Content starts

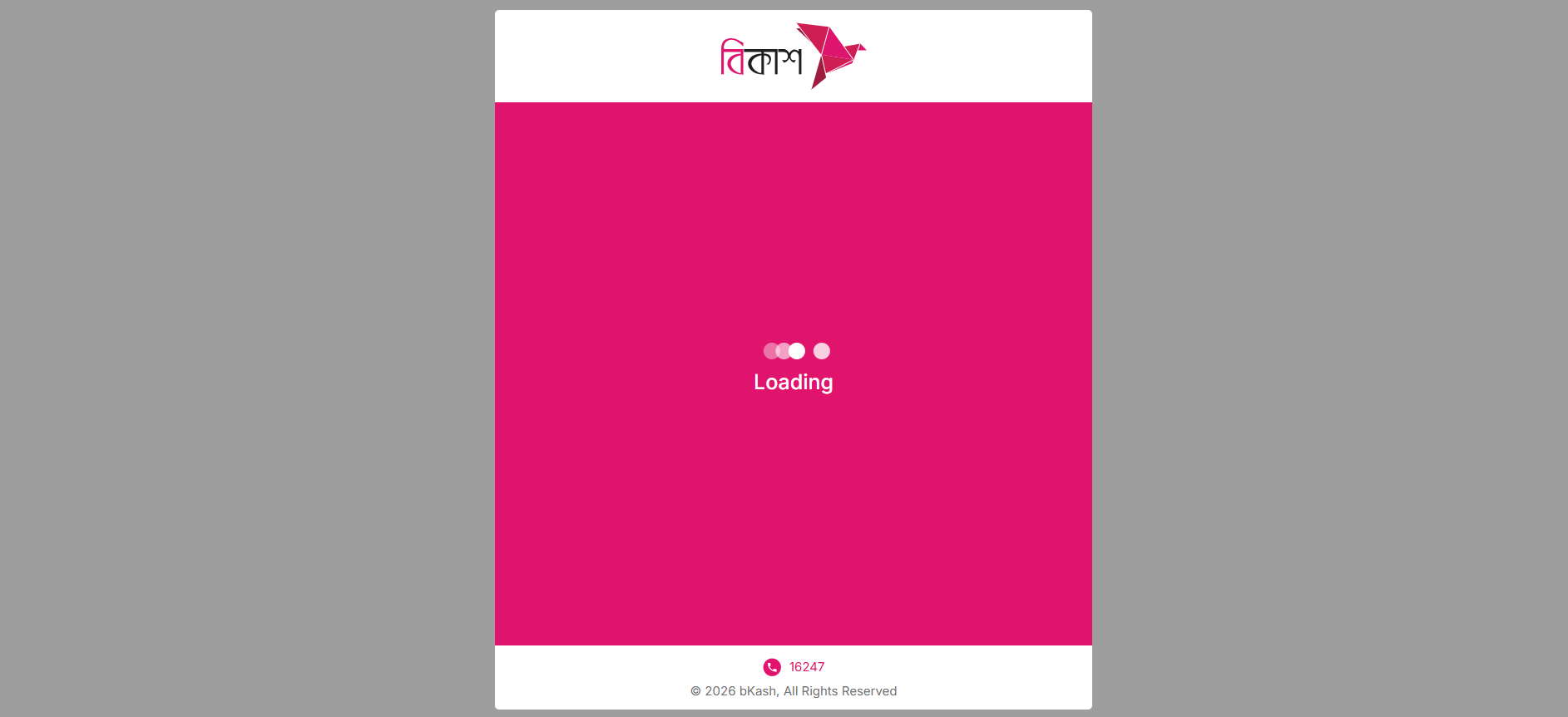 bKash পেমেন্ট পেজ লোড হওয়ার সময় লোডিং স্ক্রিন
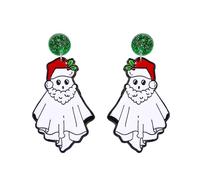 Christmas Ghost Drop Dangle Earrings - Acrylic Double Faced Whimsical Halloween BOO Holiday Festive Party Costume Accessory Cute Oranement Dangling Studs Earring Novelty Xmas Jewelry for Women Friends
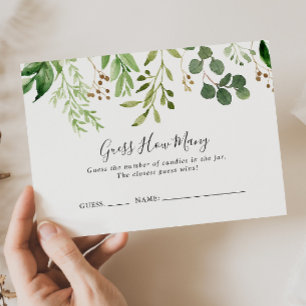 Eucalyptus Simple Floral Guess How Many Game Card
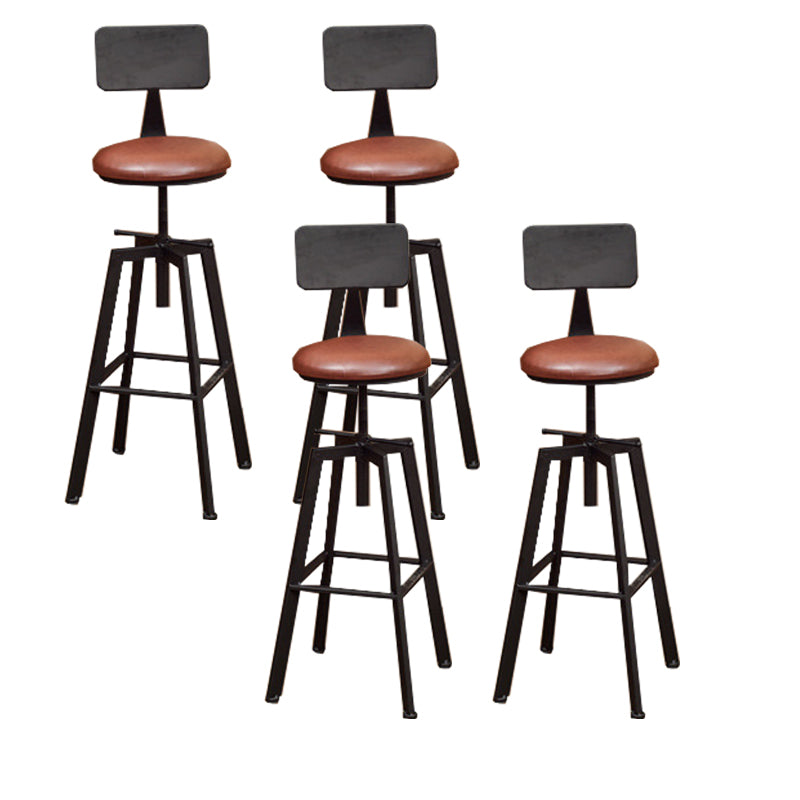 Industrial Metal Bar Stool Swivel Adjustable Height Patio Bar Stool Black 4 Piece Set Clearhalo 'Bar Furniture' 'Bar Stools' 'bar_stools' 'furn' 'furn_bar_stools' 'Furniture' 'Kitchen & Dining Furniture' 7031000
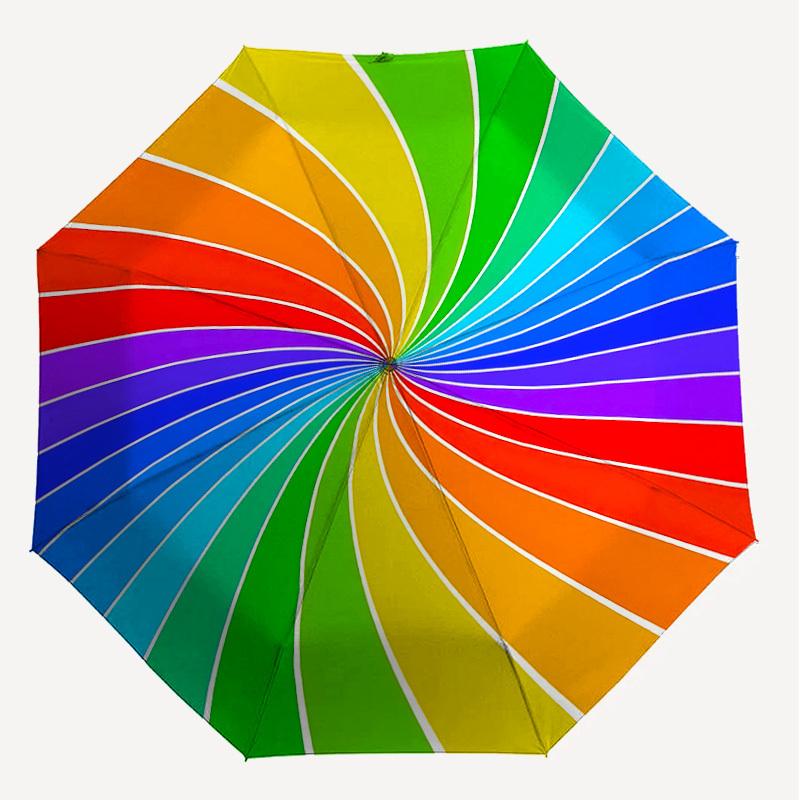 1pc rainbow spiral Automatic Open/Close Umbrella with Windproof, 8-Rib Sturdy Canopy, Durable Ribs, Fashionable Design1221A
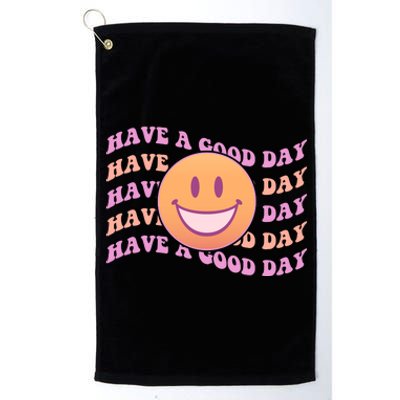 Retro Vintage Have A Good Day Smiley Emoji Platinum Collection Golf Towel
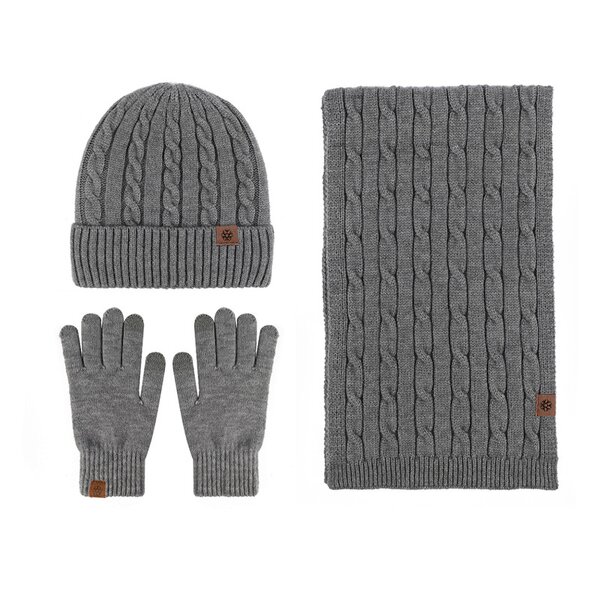 Winter Set Manufacturer - 2025 Unisex Three-Piece Winter Warm Solid Color Knitted Scarf Gloves and Customizable Beanie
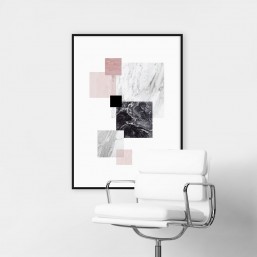 Jasny plakat w skandynawskim stylu z kolorem różowym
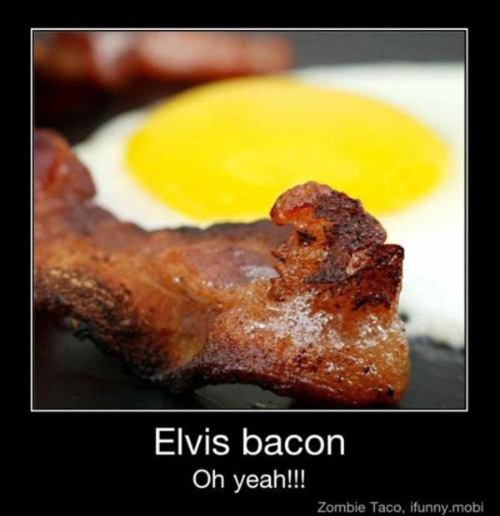 Oh yeah!!! | image tagged in repost,bacon,elvis,memes,funny,fun | made w/ Imgflip meme maker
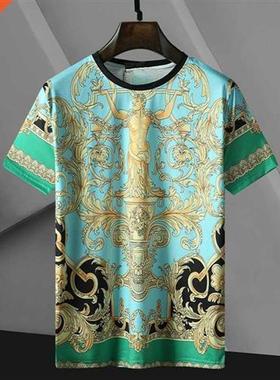 Fashion Brand Lable T-shirt Men Luxury Baroque T shirts Goth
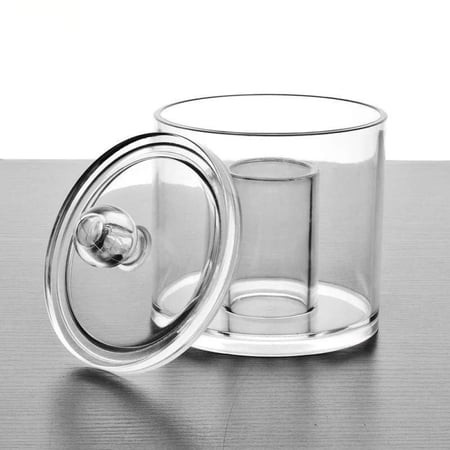 علبة تخزين القطن وأعواد القطن دائرية - منظم القطن علبة أكريليك شفافة للمستحضرات التجميلية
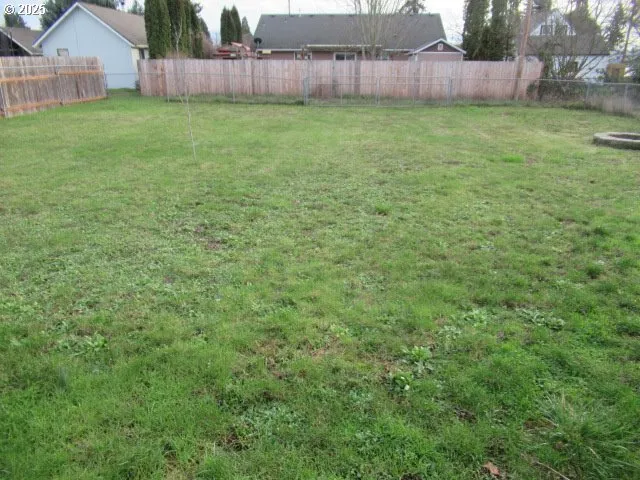 a backyard of a house with lots of green space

Content ends

With pictures left out, repeat exactly the lines from the line bearing "1pc rainbow spiral" through the final line of the records above.

 1pc rainbow spiral Automatic Open/Close Umbrella with Windproof, 8-Rib Sturdy Canopy, Durable Ribs, Fashionable Design1221A
 Retro Vintage Have A Good Day Smiley Emoji Platinum Collection Golf Towel
 Winter Set Manufacturer - 2025 Unisex Three-Piece Winter Warm Solid Color Knitted Scarf Gloves and Customizable Beanie
 Jasny plakat w skandynawskim stylu z kolorem różowym
 Oh yeah!!! | image tagged in repost,bacon,elvis,memes,funny,fun | made w/ Imgflip meme maker
 Fashion Brand Lable T-shirt Men Luxury Baroque T shirts Goth
 علبة تخزين القطن وأعواد القطن دائرية - منظم القطن علبة أكريليك شفافة للمستحضرات التجميلية
 a backyard of a house with lots of green space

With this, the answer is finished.